4. Mandatory probationary period for new employees in the civil service according to the formula 3+3 (evaluation of appropriateness in three months and six months respectively.
5. Increase of the salary of civil servants depending on their performance results.
6. Transition to the payment according to results: for civil servants, public bodies, ministries and akims, members of the Government.
7. Introduction of the regional correction indicators to the basic salary of civil servants.
8. Mandatory provision of on-duty accommodation without the right for privatization for rotated civil servants for the period of performance of official duties.
9. Legislative consolidation of the system of regular training for civil servants at least once every three years.
10. Transition to the competitive selection for career promotion of civil servants. Strengthening the principle of meritocracy.
11. Allowance of foreign managers, individual specialists from private sector and citizens of the Republic of Kazakhstan – employees of the international organizations to the work of civil service. Their appointment can be implemented by specific requirements and separate list of positions. This step makes civil service open and competitive system.

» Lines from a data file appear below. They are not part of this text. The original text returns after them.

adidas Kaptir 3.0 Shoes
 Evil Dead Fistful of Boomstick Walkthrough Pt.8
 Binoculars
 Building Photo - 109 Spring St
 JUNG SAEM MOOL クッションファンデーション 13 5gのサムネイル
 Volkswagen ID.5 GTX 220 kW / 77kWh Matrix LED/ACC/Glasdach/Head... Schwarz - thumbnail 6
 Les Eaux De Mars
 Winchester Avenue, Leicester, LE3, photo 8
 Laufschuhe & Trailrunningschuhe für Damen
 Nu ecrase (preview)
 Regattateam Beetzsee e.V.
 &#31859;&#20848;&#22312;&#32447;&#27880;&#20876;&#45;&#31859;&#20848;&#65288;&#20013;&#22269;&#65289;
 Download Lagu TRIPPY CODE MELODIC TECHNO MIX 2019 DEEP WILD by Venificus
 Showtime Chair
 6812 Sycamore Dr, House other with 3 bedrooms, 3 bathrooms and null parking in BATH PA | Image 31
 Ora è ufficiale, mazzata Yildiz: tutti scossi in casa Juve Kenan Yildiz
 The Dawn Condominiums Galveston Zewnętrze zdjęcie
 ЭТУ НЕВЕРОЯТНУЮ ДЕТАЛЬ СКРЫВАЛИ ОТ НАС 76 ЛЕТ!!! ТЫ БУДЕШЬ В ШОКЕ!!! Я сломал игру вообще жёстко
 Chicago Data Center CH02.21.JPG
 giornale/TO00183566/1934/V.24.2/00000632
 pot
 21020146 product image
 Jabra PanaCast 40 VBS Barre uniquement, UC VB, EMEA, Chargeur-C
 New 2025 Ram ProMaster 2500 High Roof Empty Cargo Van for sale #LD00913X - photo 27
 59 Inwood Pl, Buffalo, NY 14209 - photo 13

12. Introduction of new ethical rules. Design of new Code of ethics of civil service. Introduction of the position responsible for the issues of ethics.
13. Strengthening the fight against corruption, including the development of new legislation. Creation of specialized department for systematic prevention of corruption offenses.
14. Adoption of new Law on civil service
15. Conduction of a comprehensive attestation of the current civil servants after the adoption of new law on civil service.